Jargon Doesn’t Make You Smarter—It Makes You Fuzzy
The industry signals expertise with shorthand. Yet shorthand often shuts people out. It slows decisions, blurs goals, and keeps clients nodding along while missing the point. I’ve sat in meetings where teams argued about tactics without agreeing on what the words even meant.
One recent line summed up the problem and a possible fix:
“From agency of record (AOR) to media mix modeling (MMM) to zero-click search,” it’s here to “help you decode key industry terms and jargon.”
That promise matters. Decoding is useful—but it’s a bandage. The wound is our addiction to acronyms and insider talk. If plain speech came first, we wouldn’t need a glossary to explain every slide.
What The Industry Is Really Saying
Take the examples named. AOR sounds fancy, but it just means the main agency. MMM is a model to figure out what channels drive results. Zero-click search means people get answers on a search page without clicking a site. Strip away the labels and the ideas get clearer. The work gets better, too.
I don’t buy the excuse that jargon speeds things up. It might inside a tight team. But the moment you bring in finance, product, sales, or a client’s leadership, the speed turns to friction. People stop asking questions because they don’t want to look lost. That’s not speed. That’s silence.
Why This Matters For Real Outcomes
Marketing only works when everyone understands the goal and the trade-offs. Confusion creates waste. It leads to budgets that mirror old habits instead of new facts. It also invites bad accountability. If teams can hide behind letters, they can dodge results.
Clear terms build trust. They help leaders compare plans. They help teams learn faster. And they lower the chance that a trend gets adopted just because it sounds clever.
The Case For Translation—and Restraint
Resources that explain terms have real value. They give newcomers a fair start and help veterans keep current. But we shouldn’t stop at translation. The better move is to rewrite our decks, emails, and pitches in plain words first. If a term must be used, define it once and keep moving.
- AOR: Say “lead agency” or “main agency partner.”
- MMM: Say “model to estimate which channels drive results.”
- Zero-click search: Say “answers shown on the search page without a site visit.”
Notice what happens. The fog lifts. The debate shifts to impact, cost, and risk—the things that actually matter.
But Isn’t Shorthand Efficient?
Some will argue that specialist work needs specialist terms. Fair. A data scientist should be precise when tuning a model. A legal team must be exact. Yet precision and clarity are not enemies. Use the exact term once, define it, then keep the rest in everyday language. The goal is shared understanding, not gatekeeping.

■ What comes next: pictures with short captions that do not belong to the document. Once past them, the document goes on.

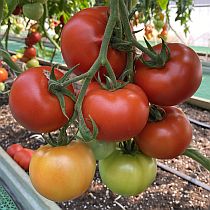 Семена томата Кнарик F1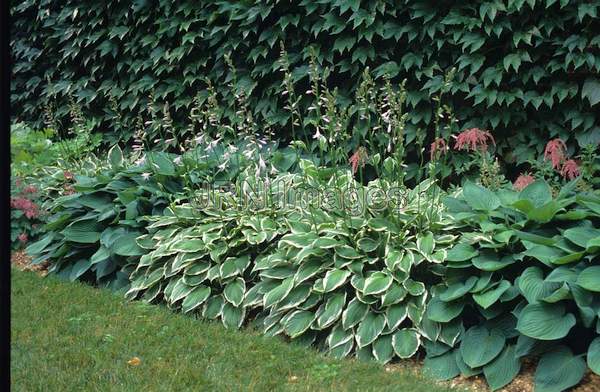 Hosta 'Undulata Univittata'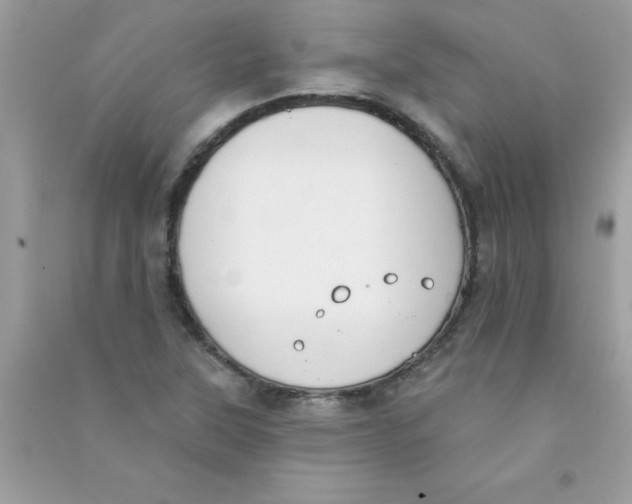 X0000090751315200708172019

What I Want Marketers To Do
Stop treating acronyms as a badge of expertise. Real expertise makes complex things easy to grasp. That’s how you win trust and budgets. It’s also how you build teams that learn and improve.
- Ban unexplained acronyms in client-facing work.
- Add a one-line definition the first time a term appears.
- Rewrite slide titles as clear statements, not labels.
- Ask “Could a smart outsider get this in 10 seconds?” If not, simplify.
- Keep a living glossary for internal training, then try to use it less over time.
The Bottom Line
We don’t need more mystique. We need more meaning. Tools that decode terms help, and I’m glad they exist. But the real fix is cultural. Plain language should be the default. Acronyms are fine when they save time—after everyone knows what they mean.
If you lead a team, set the rule now. If you write decks, translate your slides today. If you’re learning the field, keep a cheat sheet, then challenge your peers to speak clearly. Marketing moves fastest when everyone can follow the plan. Stop the alphabet soup. Start making sense.